**Summary of The Magnum Ice Cream Company N.V. 2025 Full Year Results**
The Magnum Ice Cream Company N.V. (TMICC) reported solid operational performance for 2025, with sales of โฌ7.9 billion, a 4.2% organic sales growth (OSG), and a 1.5% volume growth. Despite a 0.5% decline in reported revenue due to forex impacts, the company demonstrated resilience in a challenging environment.
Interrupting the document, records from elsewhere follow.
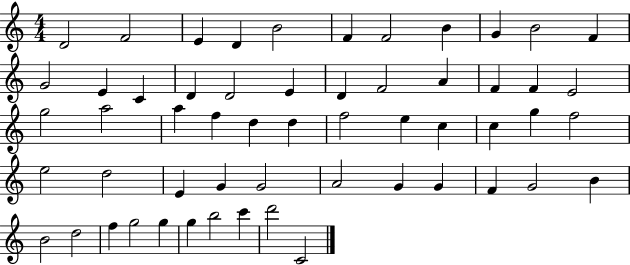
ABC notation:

X:1
T:Untitled
M:4/4
L:1/4
K:C
D2 F2 E D B2 F F2 B G B2 F G2 E C D D2 E D F2 A F F E2 g2 a2 a f d d f2 e c c g f2 e2 d2 E G G2 A2 G G F G2 B B2 d2 f g2 g g b2 c' d'2 C2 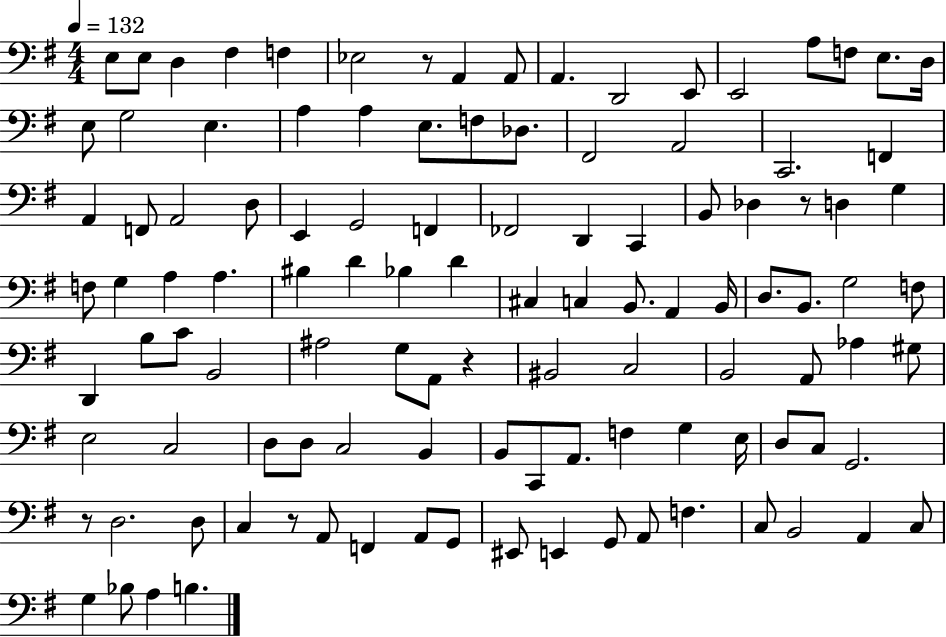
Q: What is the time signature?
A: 4/4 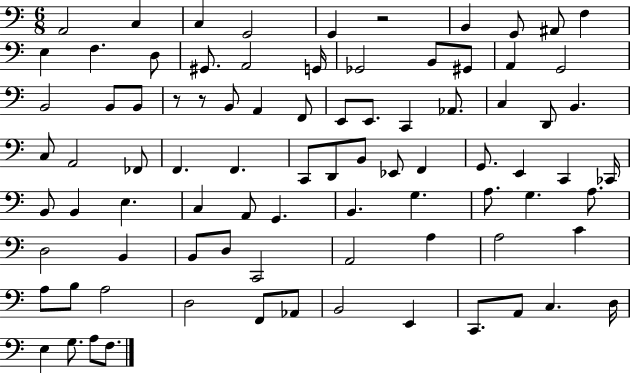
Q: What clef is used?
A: bass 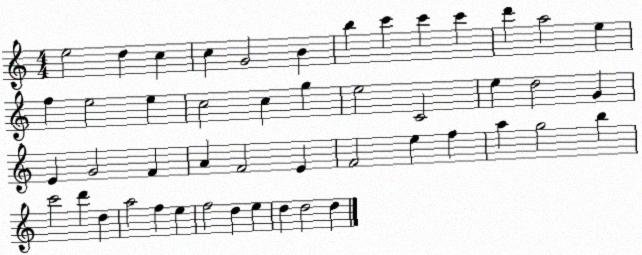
X:1
T:Untitled
M:4/4
L:1/4
K:C
e2 d c c G2 B b c' c' c' d' a2 e f e2 e c2 c g e2 C2 e d2 G E G2 F A F2 E F2 e f a g2 b c'2 d' d a2 f e f2 d e d d2 d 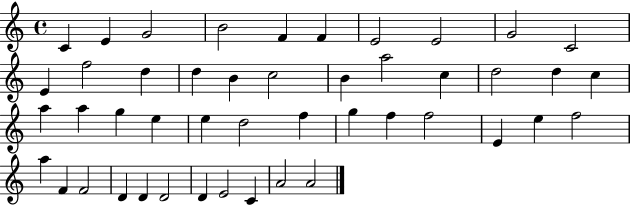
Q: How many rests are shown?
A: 0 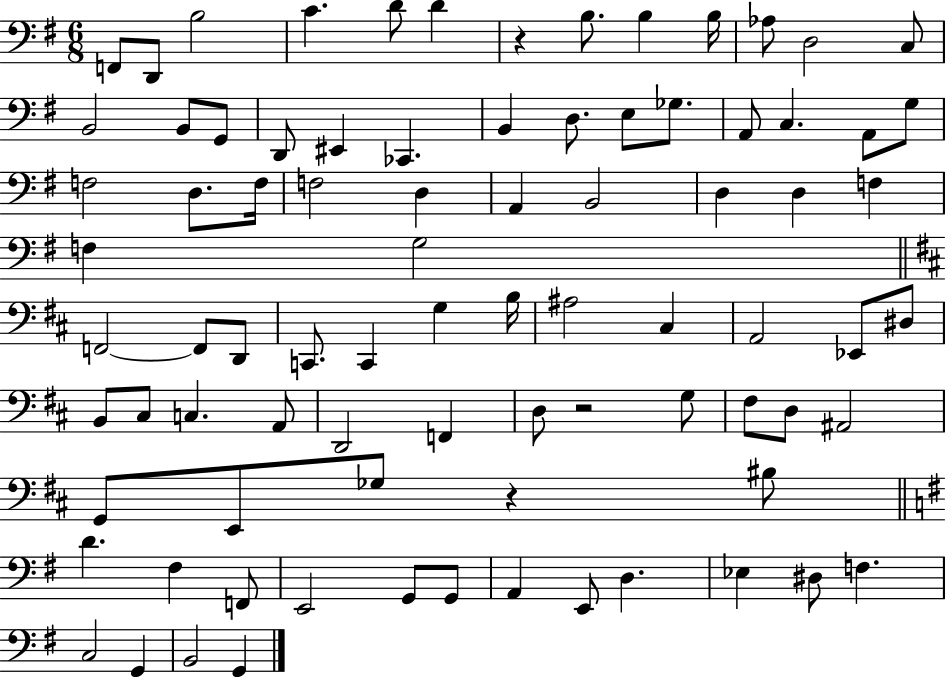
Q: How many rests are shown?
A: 3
Key highlights include
**Financial Performance**
Revenue remained stable at โฌ7.9 billion (FY 2024: โฌ7.9 billion), with OSG of 4.2% driven by volume growth of 1.5% and price growth of 2.6%.
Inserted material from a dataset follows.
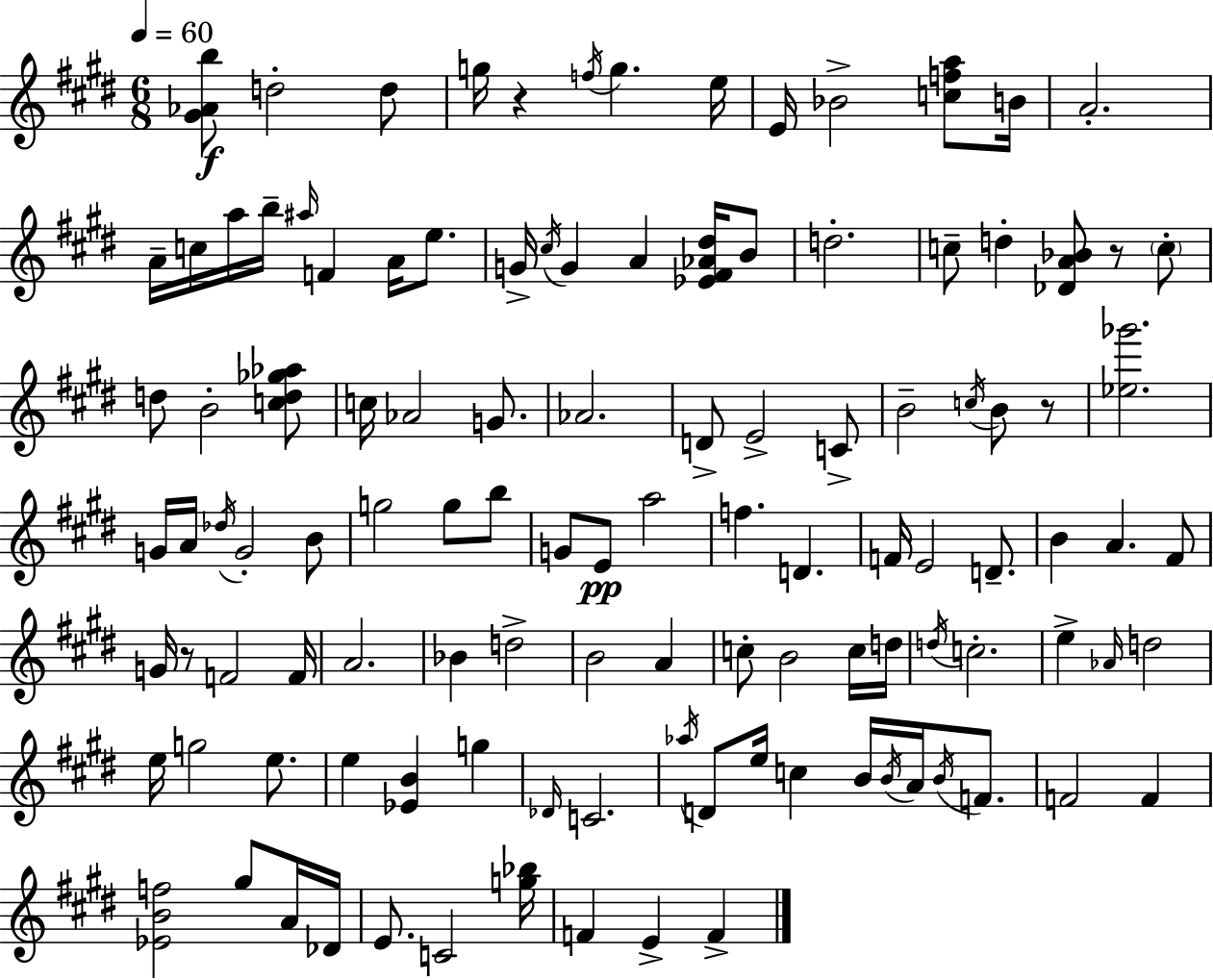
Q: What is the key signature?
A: E major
Operating profit decreased to โฌ599 million (FY 2024: โฌ764 million) due to increased separation and restructuring costs (โฌ118 million) and forex effects.
Adjusted EBITDA margin was 15.9% (FY 2024: 16.9%), impacted by forex (-50bps) and Transitional Service Agreements (TSAs) costs (-50bps).
Free Cash Flow (FCF) was โฌ38 million (FY 2024: โฌ803 million), significantly lower due to demerger-related outflows and TSA costs.
**Operational Highlights**
All regions contributed to growthwith Europe & ANZ at 3.3%Americas at 0.8%and AMEA at 10.9%.
Leading brands (Magnum, Ben & Jerryโs, Cornetto, Heartbrand) drove growth with 150 new launches, including Magnum Utopia and Cornetto Max.
Productivity program delivered โฌ180 million in savings (FY 2024: โฌ70 million), on track to achieve โฌ500 million savings.
**Strategic Milestones**
Successful โฌ3 billion bond issuance secured long-term funding.
Demerger completedwith listings in AmsterdamLondonand New York.
Separation from Unilever progressed, with TSA exits on track for completion by 2027.
**Future Outlook**
Expected 3% to 5% OSG in 2026, with underlying margin improvement of 40 to 60bps.
Focus on growth strategy, productivity, and reinvestment in brands to drive profitable growth.
**CEO Commentary**
Peter Ter Kulve emphasized the companyโs strong operational performance, brand momentum, and progress in the demerger. He highlighted the resilience of the business despite external challenges and expressed confidence in the growth strategy for 2026.
**Regional Performance**
**Europe & ANZ**3.3% OSG, led by the UK, France, and Spain. Magnum, Ben & Jerryโs, and Cornetto drove growth with innovations like Magnum Bonbons and Cornetto Max.
**Americas**0.8% OSG, with gains in the US and Mexico. Yasso and Ben & Jerryโs led growth, supported by partnerships and innovations.
**AMEA**10.9% OSG, with strong performance in Tรผrkiye, Pakistan, and China. Innovations like Magnum Dubai and Cornetto multi-layer sticks drove growth.
**Financial Position**
Net debt increased to โฌ2,967 million (FY 2024: โฌ263 million) due to bond issuance and demerger-related financing.
Pension position improved, with a net asset of โฌ2 million (FY 2024: net liability of โฌ98 million).
**Conclusion**
TMICC demonstrated resilience in 2025, achieving solid growth and strategic milestones despite challenges. The company is well-positioned for future growth, with a clear strategy, strong brands, and a focus on productivity and innovation.
Below is the HTML table code comparing the financials and debt year on year for The Magnum Ice Cream Company N.V. based on the provided text:
### Explanation:
- **Revenue**: Remained stable at โฌ7.9 billion in both years, with a slight reported decline of -0.5% due to forex effects.
- **Organic Sales Growth (OSG)**: Improved to 4.2% in FY 2025 from 2.8% in FY 2024.
- **Operating Profit**: Decreased by 21.6% to โฌ599 million in FY 2025, primarily due to separation and restructuring costs.
- **Adjusted EBITDA**: Declined by 6.3% to โฌ1,255 million, impacted by forex and TSA-related costs.
- **Adjusted EBIT**: Fell by 4.9% to โฌ917 million, with a similar margin decline.
- **Free Cash Flow (FCF)**: Plummeted by 95.3% to โฌ38 million, largely due to demerger-related cash outflows.
- **Net Debt**: Increased significantly to โฌ2,967 million from โฌ263 million, driven by bond issuance and demerger financing.
- **Margins**: Both Adjusted EBITDA and EBIT margins decreased slightly due to forex and TSA impacts. This table provides a concise comparison of key financial and debt metrics between FY 2025 and FY 2024.